Now, in FBI interview transcripts unsealed Friday in U.S. District Court in Denver, where McVeigh goes on trial this year, the 30-year-old Lebron lays out in graphic, emotional detail his recollection of McVeigh's distrust of liberals, his quirky turns of behavior and his growing hatred of the national government.

Lebron was crucial to the FBI in its initial investigation of the bombing. He was one of their first chief witnesses. And he provided instant insight into the central figure in the investigation of the worst terrorist attack in the United States.

Lebron, for example, told the FBI that one of the last times he talked to his friend, McVeigh told him, in effect: "I can't stay out of trouble," or "Trouble will find me."
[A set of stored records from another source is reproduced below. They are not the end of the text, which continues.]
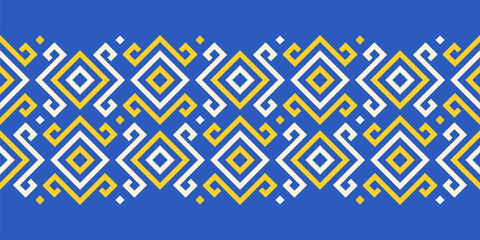 Repeating seamless border pattern, Ukrainian ethnic traditional embroidery vyshyvanka design, vector illustration, flat style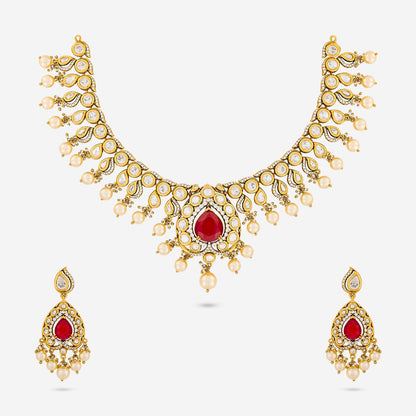 Kundan Polki Necklace Color Mint Polish Victorian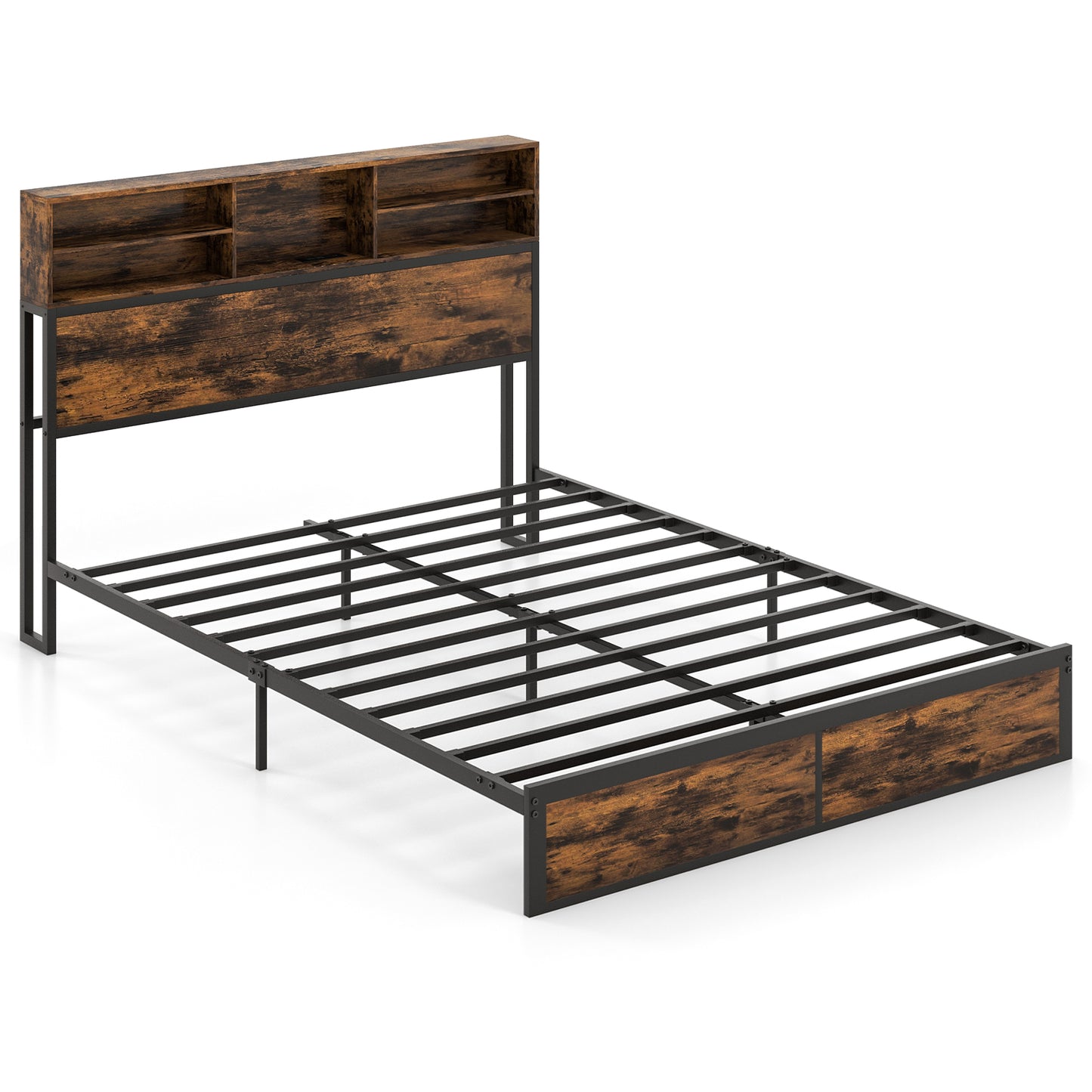 Twin/Full/Queen/King Size Bed Frame with Storage Headboard Industrial Metal Platform Bed-King Size - Queen Size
He said McVeigh bragged that he wasn't anti-government, he was "anti-big government."

And McVeigh sometimes would criticize Lebron for not completely embracing the anti-Washington vitriol found in books, magazines and other correspondence he passed around at work.

"This is just a hobby for you, reading these books," McVeigh once challenged him, Lebron said. "You're stomping your feet and not doing anything about it."
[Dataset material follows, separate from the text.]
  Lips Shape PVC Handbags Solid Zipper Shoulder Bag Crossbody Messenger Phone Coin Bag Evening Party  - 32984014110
Lebron's statements are part of nearly 100 pages of new material made public Friday by Judge Richard P. Matsch. The documents were unsealed after media attorneys argued that too much material in the case against McVeigh and his former Army buddy and co-defendant Terry L. Nichols is hidden under seal.

With McVeigh to be tried beginning March 31, and with Nichols' trial to follow, prosecutors and defense attorneys have filed tens of thousands of pages of documents regarding the April 1995 bombing of the Alfred P. Murrah Federal Building. The blast killed 168 people and injured 850 others.